● **SOURCE MATERIAL**

>>

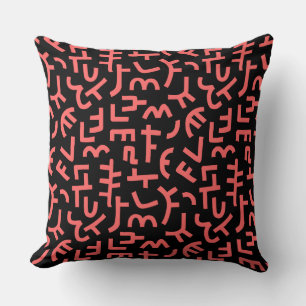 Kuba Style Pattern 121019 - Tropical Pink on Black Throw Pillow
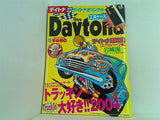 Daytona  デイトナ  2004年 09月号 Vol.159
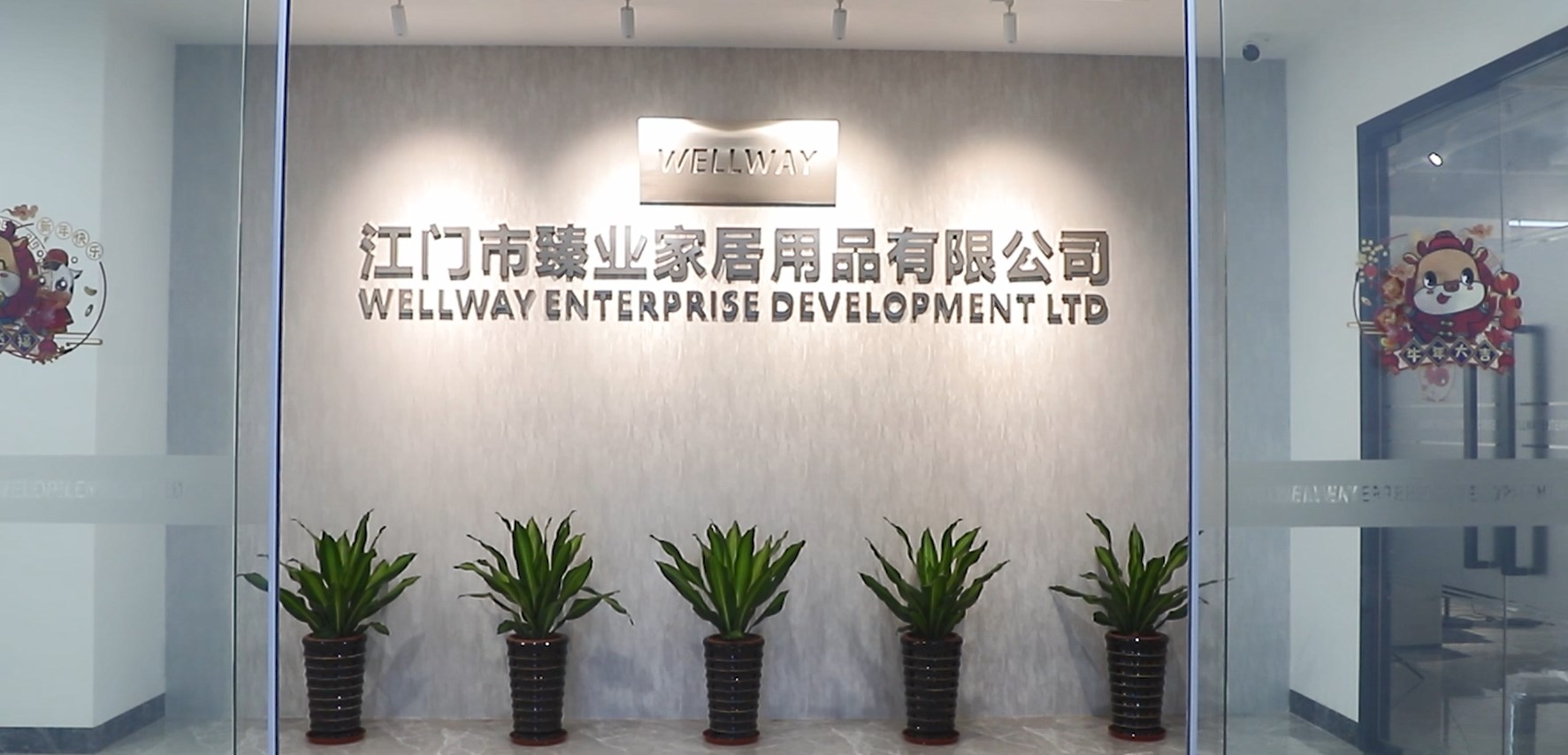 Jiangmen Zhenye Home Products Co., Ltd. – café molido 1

<<
>>

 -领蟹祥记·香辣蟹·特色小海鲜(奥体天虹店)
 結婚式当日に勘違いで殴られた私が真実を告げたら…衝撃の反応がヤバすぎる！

<<

● **TASK OBJECTIVE**
From the entries above, write out only the lines starting at the line that holds "-领蟹祥记·香辣蟹·特色小海鲜(奥体天虹店)" and ending at the line that holds "結婚式当日に勘違いで殴られた私が真実を告げたら…衝撃の反応がヤバすぎる！", keeping both and matching them exactly.

● **EXERCISE RESULT**
 -领蟹祥记·香辣蟹·特色小海鲜(奥体天虹店)
 結婚式当日に勘違いで殴られた私が真実を告げたら…衝撃の反応がヤバすぎる！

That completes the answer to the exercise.